In 250 the allocation plans are prepared and tested, and an optimal allocation plan is identified from the group is identified. In 251, the allocation plans prepared in 250 are input to an output means. In 252, the allocation plans that have been prepared are compared against problems (e.g., past outages, etc.) in a repository 238. In 254, a final optimal allocation plan is identified which takes into account all the resiliency parameters that have been identified. In 255, the optimal allocation plan is output. The optimal allocation plan can be assigned to the requesting entity and to the allocated resources.

Outline of the Algorithm

The algorithm is defined by the following parameters

Input:

• • Skill requirements for performing the services
  • Critical tasks in each service
  • Databases: skills availability, base line resiliency, etc.

Output:

• • Allocation plans
  • Optimal allocation plan

The main steps of the algorithm include:

• • 1. For each service,
    • a. Quantify the critical workload that needs to be considered for resiliency planning by skills allocation:
      • Quantify the workload corresponding to the critical tasks
      • Quantify the workload that can be supported by the baseline resiliency provided at a location
      • Compute the difference of the two to obtain the desired critical workload
    • b. Identify the skills requirements for satisfying the critical workload computed in step (a). This is the minimum set of skills that need to be distributed for resiliency
  • 2. Identify two or more service delivery locations which together satisfy the skills requirements as computed in step (b) for multiple services and output allocation plan(s).

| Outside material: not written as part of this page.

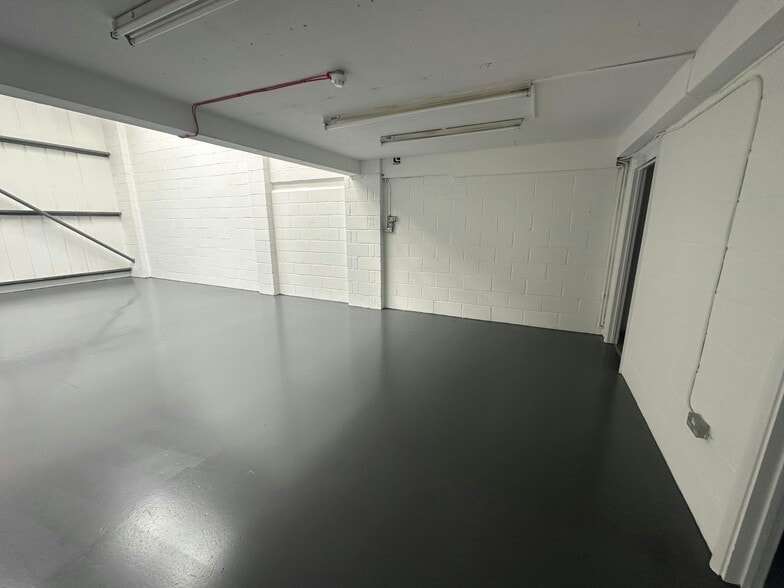 Southern Rd, Aylesbury to rent - Building Photo - Image 3 of 6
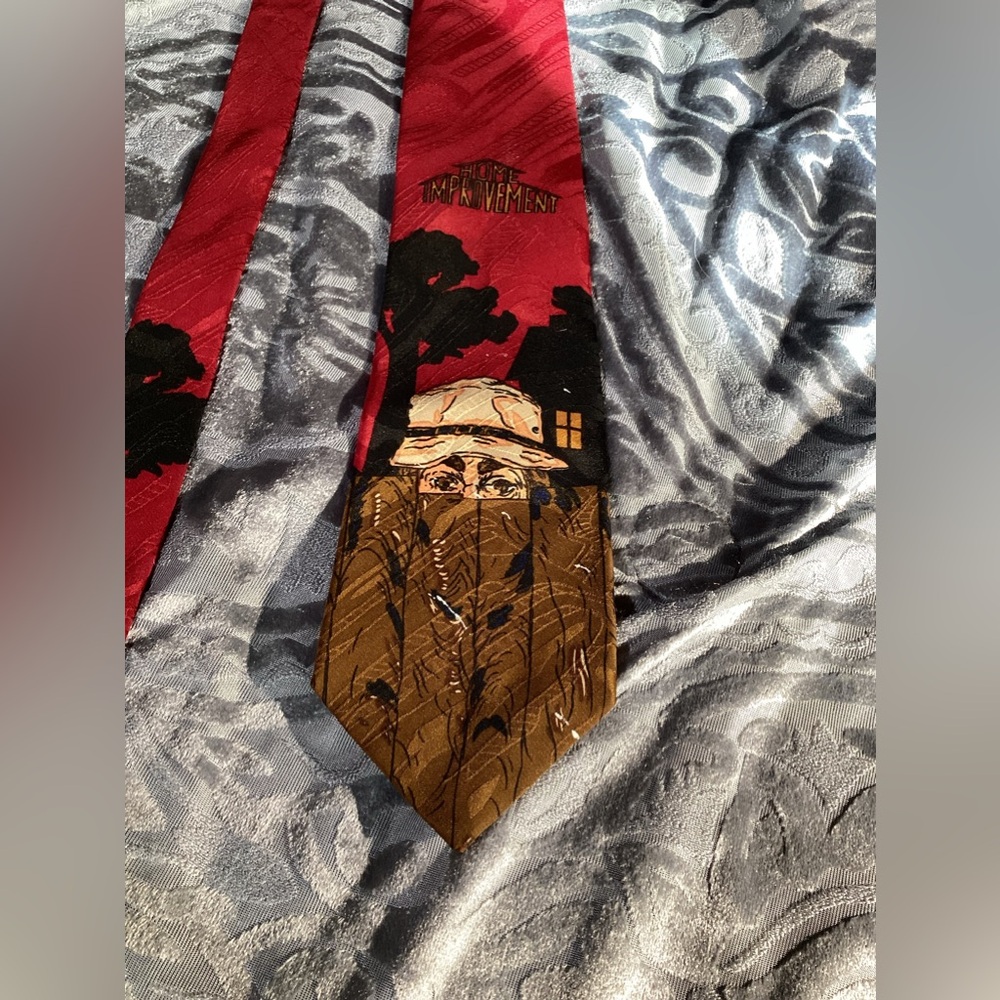 Vintage Home Improvement Wilson Tie View 2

The variations that are considered in the algorithm include:

• • 1. Skills can be specified in a variety of ways, for example:
    • a. A resource can have only one skill and be an expert or non-expert in that skill.
    • b. A resource can have one primary and multiple secondary skills.
  • In the above case, the allocating means should compute the skills allocation plan based on a minimal set of resources to be distributed, considering the fact the people with multiple skills can use their secondary skills to meet critical workload requirements as well.
    • c. A resource typically works dedicated for a contract. However, in cases of disruption, if required, the resource can switch to work part or full-time to provide the same service for other contracts.
  • In this case, the allocating means should compute the skill allocation plan based on a minimal set of resources to be distributed, considering the sharing of resources across multiple contracts.
  • 2. Quantification of the critical workload can be done in multiple ways, for example:
    • a. Calculated as percentage of tickets in the service
    • b. Calculated as percentage of man-hours required to perform the service
  • 3. Allocating means can consider cost structure of multiple service delivery locations to prioritize plans based on cost.
  • 4. Allocating means can consider the entire set of delivery locations or user can specify the subset of locations for the engine to choose from.

EXAMPLE

Consider a DOS/SOW with two services and the processes followed in each of the services is:

• • 1. UNIX/AIX Server System Administration (200 servers)—Change/Incident/Problem management
  • 2. Storage Management (100 ESS boxes)—Change/Problem management
    The skill requirements for these services as output by the skill mapping means are as follows:
  • 1. UNIX/AIX—6 resources—4 of normal expertise and 2 experts
  • 2. Storage admins—4 resources—2 of normal expertise and 2 experts

All resources are utilized at 100%. An expert resource can handle critical workload at 100% utilization unlike a normal resource.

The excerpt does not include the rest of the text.